Thérèse Johnston is leaving a set of 12 paintings alone for long enough to put them on exhibition at The Old School House Arts Centre (TOSH).
But that doesn’t mean the works are safe from her brush in the future. If any of them come home, that is.
Johnston is one of the TOSH 10 — a group of resident artists at the arts centre in downtown Qualicum Beach. And she’s done plenty of exhibitions before. But each new one is an exciting and nerve-wracking experience for her, she said.

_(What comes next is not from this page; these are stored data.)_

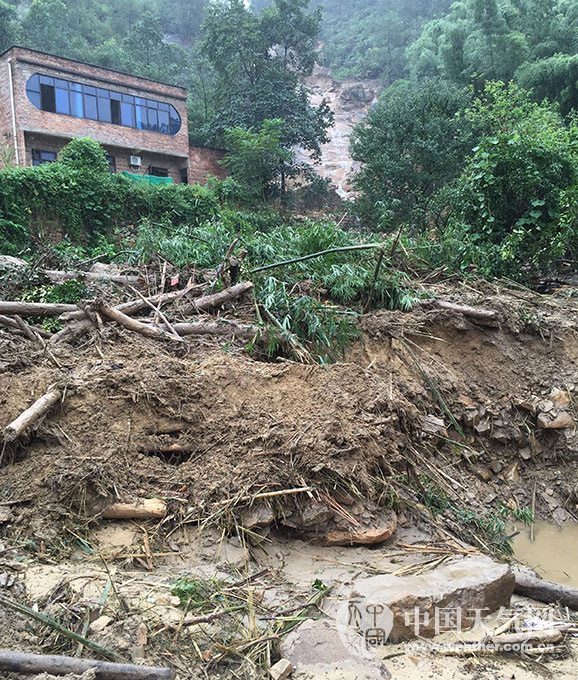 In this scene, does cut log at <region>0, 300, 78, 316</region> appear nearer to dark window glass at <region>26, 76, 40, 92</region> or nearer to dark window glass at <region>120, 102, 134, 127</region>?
dark window glass at <region>26, 76, 40, 92</region>

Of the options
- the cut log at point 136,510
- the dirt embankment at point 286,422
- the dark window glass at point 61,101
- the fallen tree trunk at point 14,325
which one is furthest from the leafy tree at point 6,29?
the cut log at point 136,510

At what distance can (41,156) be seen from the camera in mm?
18484

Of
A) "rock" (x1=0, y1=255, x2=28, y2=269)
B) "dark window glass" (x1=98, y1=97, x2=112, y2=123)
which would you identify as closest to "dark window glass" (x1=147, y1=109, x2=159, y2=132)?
"dark window glass" (x1=98, y1=97, x2=112, y2=123)

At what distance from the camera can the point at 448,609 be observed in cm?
240

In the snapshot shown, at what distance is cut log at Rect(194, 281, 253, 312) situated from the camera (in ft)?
17.0

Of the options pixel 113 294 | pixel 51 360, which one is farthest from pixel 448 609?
pixel 113 294

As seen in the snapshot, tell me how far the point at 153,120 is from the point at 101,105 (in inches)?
82.7

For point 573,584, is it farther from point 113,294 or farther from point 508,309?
point 113,294

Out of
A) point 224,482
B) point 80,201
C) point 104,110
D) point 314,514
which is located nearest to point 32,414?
point 224,482

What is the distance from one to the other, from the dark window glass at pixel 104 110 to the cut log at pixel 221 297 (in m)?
17.5

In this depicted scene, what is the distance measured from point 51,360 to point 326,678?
2880 mm

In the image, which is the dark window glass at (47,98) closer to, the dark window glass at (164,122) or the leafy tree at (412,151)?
the dark window glass at (164,122)

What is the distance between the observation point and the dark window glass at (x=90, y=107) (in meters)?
19.2

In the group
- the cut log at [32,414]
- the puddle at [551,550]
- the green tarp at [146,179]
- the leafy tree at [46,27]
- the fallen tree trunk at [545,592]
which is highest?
the leafy tree at [46,27] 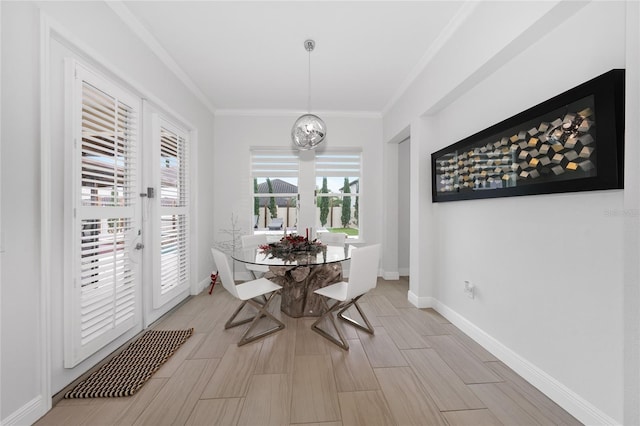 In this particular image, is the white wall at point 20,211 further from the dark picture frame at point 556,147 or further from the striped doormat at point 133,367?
the dark picture frame at point 556,147

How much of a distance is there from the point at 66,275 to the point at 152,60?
2151 mm

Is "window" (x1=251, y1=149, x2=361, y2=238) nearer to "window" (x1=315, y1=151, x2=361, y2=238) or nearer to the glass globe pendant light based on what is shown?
"window" (x1=315, y1=151, x2=361, y2=238)

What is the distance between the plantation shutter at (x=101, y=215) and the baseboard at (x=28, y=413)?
9.3 inches

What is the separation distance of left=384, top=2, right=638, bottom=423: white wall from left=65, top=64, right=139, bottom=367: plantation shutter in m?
2.97

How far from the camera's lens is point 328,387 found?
5.71 ft

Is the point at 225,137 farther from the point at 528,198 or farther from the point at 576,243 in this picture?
the point at 576,243

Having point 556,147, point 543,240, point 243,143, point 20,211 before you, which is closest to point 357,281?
point 543,240

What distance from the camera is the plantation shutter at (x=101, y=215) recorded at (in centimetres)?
177

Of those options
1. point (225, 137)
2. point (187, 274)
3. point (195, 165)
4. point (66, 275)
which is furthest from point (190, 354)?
point (225, 137)

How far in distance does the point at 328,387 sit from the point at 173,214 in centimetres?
255

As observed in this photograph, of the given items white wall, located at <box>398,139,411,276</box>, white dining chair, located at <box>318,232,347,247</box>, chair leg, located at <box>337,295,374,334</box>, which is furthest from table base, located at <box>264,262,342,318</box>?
white wall, located at <box>398,139,411,276</box>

“It’s normal because you’re never completely satisfied,” Johnston said. “There are so many artists in the world and so many good artists, and so many styles that you never stop learning, which is a good thing, because I always want to get better.”
That philosophy might account for her re-examinations of her work, which often result in changes.

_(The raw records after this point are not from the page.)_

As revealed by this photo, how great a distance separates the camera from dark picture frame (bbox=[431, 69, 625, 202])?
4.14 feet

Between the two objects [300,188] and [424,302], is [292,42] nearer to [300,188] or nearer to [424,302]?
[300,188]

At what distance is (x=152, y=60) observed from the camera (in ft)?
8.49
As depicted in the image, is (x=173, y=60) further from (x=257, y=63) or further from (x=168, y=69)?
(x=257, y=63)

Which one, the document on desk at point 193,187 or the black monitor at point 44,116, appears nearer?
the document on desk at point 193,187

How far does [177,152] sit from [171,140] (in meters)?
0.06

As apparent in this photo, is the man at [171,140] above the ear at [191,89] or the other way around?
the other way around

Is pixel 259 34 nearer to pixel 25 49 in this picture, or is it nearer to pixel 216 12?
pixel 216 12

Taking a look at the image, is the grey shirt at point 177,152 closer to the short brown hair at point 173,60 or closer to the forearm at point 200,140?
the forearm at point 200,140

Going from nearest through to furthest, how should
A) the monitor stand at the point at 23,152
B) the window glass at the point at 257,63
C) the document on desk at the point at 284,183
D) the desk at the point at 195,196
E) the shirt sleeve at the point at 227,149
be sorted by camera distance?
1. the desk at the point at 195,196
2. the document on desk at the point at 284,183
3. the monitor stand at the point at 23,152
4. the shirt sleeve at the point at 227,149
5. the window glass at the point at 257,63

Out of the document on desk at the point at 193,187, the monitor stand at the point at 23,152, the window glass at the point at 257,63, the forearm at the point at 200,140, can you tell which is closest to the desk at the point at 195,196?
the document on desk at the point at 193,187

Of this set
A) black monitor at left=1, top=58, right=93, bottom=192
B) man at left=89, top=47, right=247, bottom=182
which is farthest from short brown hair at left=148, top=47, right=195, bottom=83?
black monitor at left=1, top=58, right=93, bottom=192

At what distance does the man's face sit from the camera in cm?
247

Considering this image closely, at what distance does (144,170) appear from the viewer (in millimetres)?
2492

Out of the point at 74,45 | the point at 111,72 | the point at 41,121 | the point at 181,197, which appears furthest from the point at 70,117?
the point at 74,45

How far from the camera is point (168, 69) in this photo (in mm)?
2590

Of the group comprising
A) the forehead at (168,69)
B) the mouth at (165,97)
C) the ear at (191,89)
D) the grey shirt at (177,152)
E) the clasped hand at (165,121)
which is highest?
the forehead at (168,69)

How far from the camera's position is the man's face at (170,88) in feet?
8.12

“My husband says that until it’s out of the house, it’s not safe, because I keep going back,” said Johnston with a laugh.

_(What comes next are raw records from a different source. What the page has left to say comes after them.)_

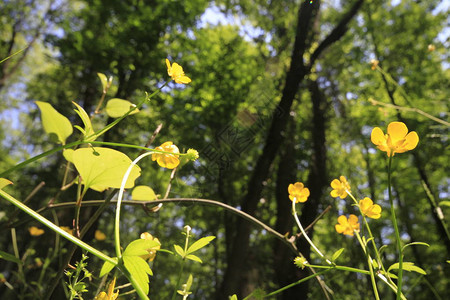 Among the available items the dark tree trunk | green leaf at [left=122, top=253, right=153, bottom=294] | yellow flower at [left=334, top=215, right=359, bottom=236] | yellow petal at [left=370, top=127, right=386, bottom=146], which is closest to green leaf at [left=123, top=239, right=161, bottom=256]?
green leaf at [left=122, top=253, right=153, bottom=294]

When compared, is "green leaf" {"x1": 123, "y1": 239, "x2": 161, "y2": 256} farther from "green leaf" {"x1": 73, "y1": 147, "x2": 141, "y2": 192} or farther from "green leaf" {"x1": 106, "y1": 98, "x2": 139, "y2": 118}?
"green leaf" {"x1": 106, "y1": 98, "x2": 139, "y2": 118}

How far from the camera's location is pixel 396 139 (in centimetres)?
44

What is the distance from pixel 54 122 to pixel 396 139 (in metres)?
0.51

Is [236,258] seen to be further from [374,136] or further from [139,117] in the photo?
[139,117]

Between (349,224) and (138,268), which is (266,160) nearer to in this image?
(349,224)

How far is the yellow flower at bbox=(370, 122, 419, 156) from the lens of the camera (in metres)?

“You keep examining it and saying, ‘Oh, maybe I should have done this… I take them down and I just pick at them. They are never safe.”
In fact, just before discussing her work for this article, Johnston was making some changes to one of her works — a piece on birds.
“But it’s not a realistic picture,” she explains. “It’s semi-abstract. And I work with multimedia,” meaning, in this case, that her paintings are acrylic, with gel medium and perhaps some collage elements.
“Years ago I did watercolours and I did oils and all the mediums, but I’ve been doing mixed media now for probably 15, 20 years,” she said.
Her paintings usually have a real subject, like trees, flowers, houses or wildlife, but they serve only as a basis for a semi-abstract piece. Much of what goes on canvas comes from her imagination, she said, sometimes resulting in wholly abstract works.
The key, though, is a balanced composition.
“It’s about balancing the shapes, the colours, more than getting the painting accurate,” she said. “If you look at my paintings, there is a structure to it, there are bones under it.”
Another concern is having a place for a viewer’s eye to be drawn.
Johnston creates her paintings in series, based on subject. This exhibit is mostly houses.
Asked what she wants people to get from her work, she said people often say they like the colours, and that they make them feel happy. “So (my work is) never somber or sad. There is enough sadness in the world.”
Johnston’s exhibit continues to April 29 at TOSH.